Este máster lo pago yo

Sabíamos que no éramos de ese grupo selecto de elegidos porque nadie nos invitó a aquel banquete

Debo reconocer que nos hicieron así. Simplemente nacimos. Pero no en el lugar equivocado, sino con el número del dni ya impreso antes de ser concebidos. Nos llamaban los hijos de, los hijos de los migrantes, los hijos de los proletarios, los hijos de los pobres, los hijos de los barrios. Nos hicieron partícipes de un fracaso que cosecharon otros. Los mismos que hoy en día salen a defendernos del mismo caos que han creado. Nos hicieron así, sin más. Alguien tenía que ser la carne de cañón. Alguien tenía que vivir con su dolor a cuestas, incuestionable. Nos crearon con la vergüenza ajena a rastras. Nos hacían sonrojar o sentirnos mal. Si teníamos hambre, aunque el estómago estuviese levando en armas, debíamos decir que no. Aunque luciésemos nuestras rodillas del color del corazón de las espigas, debíamos ser fuertes. Los niños no lloran, nos decían.
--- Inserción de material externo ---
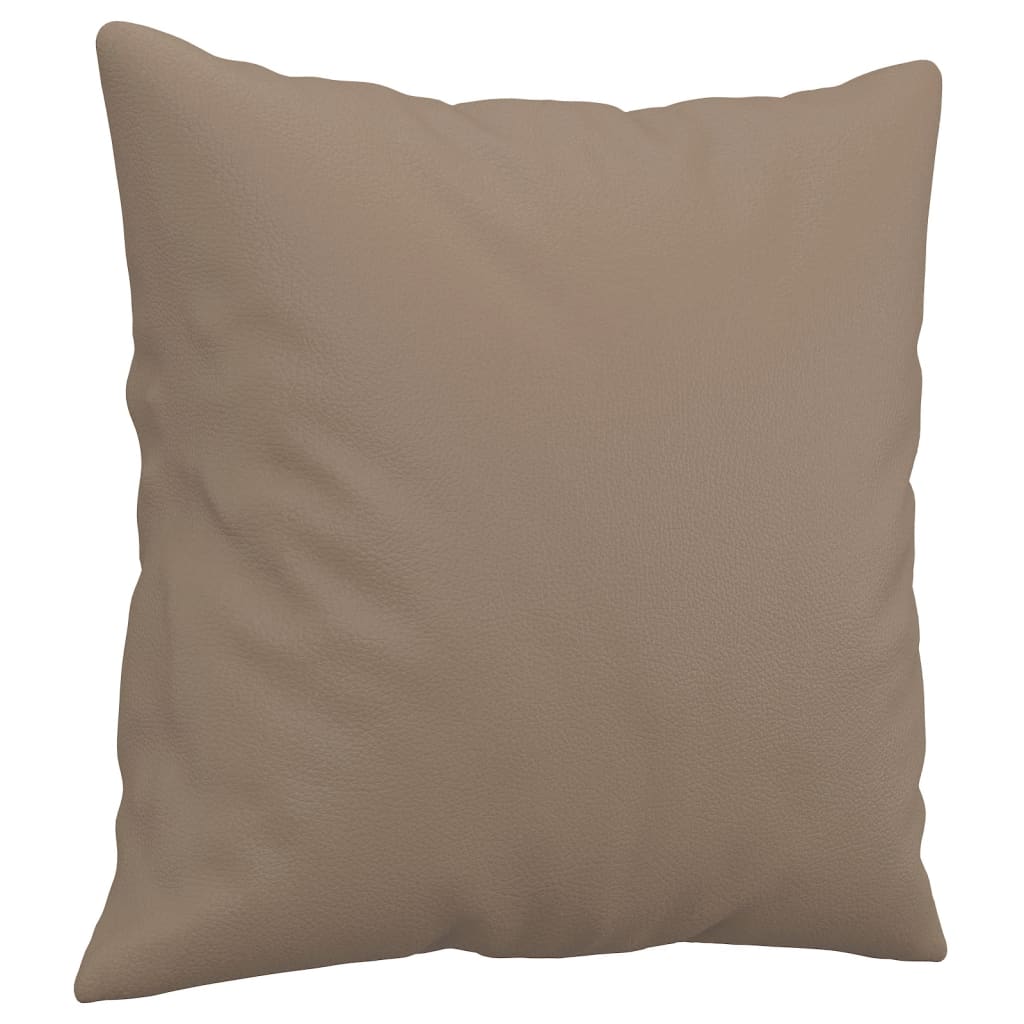 Sofá 2 lugares + almofadas 140 cm couro artificial cappuccino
Nos hicieron vivir con el sentimiento de culpa, a nosotros, los hijos de los obreros, los derrotados, los sin nadie, los débiles, los atroces, los enemigos del pueblo. Recuerdo que aquellos que pertenecíamos a ese nutrido grupo de perdedores, se nos inclinaba la cabeza cuando oíamos hablar a los otros, a los con casa, a los con padres, a los con familia, que ellos sí iban a la Universidad. Les veíamos salir desde sus casas, triunfantes, con sus carpetas nuevas, con su flamante carné de conducir, con sus coches nuevos, mientras que a nuestras zapatillas de deporte les tenían que poner cera de vela en la suela para que el agua de la lluvia no nos mojase los calcetines. Siempre acaecía lluvia sobre la ciudad. Éramos sus hijos. Lo sabíamos, porque no teníamos techo donde resguardarnos. La calle entera salía a recibirnos, mientras naufragábamos entre su asfalto. Sabíamos que no pertenecíamos a ese grupo selecto de elegidos, porque nadie nos invitó a aquel banquete. No éramos como ellos. No vestíamos como ellos. No pensábamos como ellos. En nuestro rincón más íntimo sabíamos que habíamos fallado. Sabíamos que habíamos perdido nuestra batalla, antes incluso de nacer. Nos acobardamos. Asentimos con nuestra cabeza. Sabíamos que estábamos destinados a ser la pata de la mesa que hoy cojea y a día de hoy aún tenemos que ir pidiendo perdón por un pecado que no hemos cometido. Y aprendimos que este máster lo pagábamos nosotros, con la sangre en nuestras arterias palpitándonos, dejándonos la piel entre las calles.